* _WHAT YOU HAVE TO DO_:
Print the data that follows again, keeping every line exact.

* _WORKING DATA_:
·····

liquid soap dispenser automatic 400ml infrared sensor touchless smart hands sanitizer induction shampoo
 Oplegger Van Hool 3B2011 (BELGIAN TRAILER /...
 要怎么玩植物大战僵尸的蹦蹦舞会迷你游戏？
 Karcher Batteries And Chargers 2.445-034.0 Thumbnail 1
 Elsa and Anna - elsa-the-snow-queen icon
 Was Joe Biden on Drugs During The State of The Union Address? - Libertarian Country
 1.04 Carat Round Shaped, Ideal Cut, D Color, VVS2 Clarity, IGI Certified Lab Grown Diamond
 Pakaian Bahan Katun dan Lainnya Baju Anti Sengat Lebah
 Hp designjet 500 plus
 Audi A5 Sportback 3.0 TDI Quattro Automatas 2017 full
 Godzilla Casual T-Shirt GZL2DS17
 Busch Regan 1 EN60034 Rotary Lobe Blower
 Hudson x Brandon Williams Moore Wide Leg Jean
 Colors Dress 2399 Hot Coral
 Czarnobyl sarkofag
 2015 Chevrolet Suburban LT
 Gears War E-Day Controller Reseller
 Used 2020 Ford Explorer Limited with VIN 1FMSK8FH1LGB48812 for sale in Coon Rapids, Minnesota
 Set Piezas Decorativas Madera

·····

* _TASK RESULT_:
liquid soap dispenser automatic 400ml infrared sensor touchless smart hands sanitizer induction shampoo
 Oplegger Van Hool 3B2011 (BELGIAN TRAILER /...
 要怎么玩植物大战僵尸的蹦蹦舞会迷你游戏？
 Karcher Batteries And Chargers 2.445-034.0 Thumbnail 1
 Elsa and Anna - elsa-the-snow-queen icon
 Was Joe Biden on Drugs During The State of The Union Address? - Libertarian Country
 1.04 Carat Round Shaped, Ideal Cut, D Color, VVS2 Clarity, IGI Certified Lab Grown Diamond
 Pakaian Bahan Katun dan Lainnya Baju Anti Sengat Lebah
 Hp designjet 500 plus
 Audi A5 Sportback 3.0 TDI Quattro Automatas 2017 full
 Godzilla Casual T-Shirt GZL2DS17
 Busch Regan 1 EN60034 Rotary Lobe Blower
 Hudson x Brandon Williams Moore Wide Leg Jean
 Colors Dress 2399 Hot Coral
 Czarnobyl sarkofag
 2015 Chevrolet Suburban LT
 Gears War E-Day Controller Reseller
 Used 2020 Ford Explorer Limited with VIN 1FMSK8FH1LGB48812 for sale in Coon Rapids, Minnesota
 Set Piezas Decorativas Madera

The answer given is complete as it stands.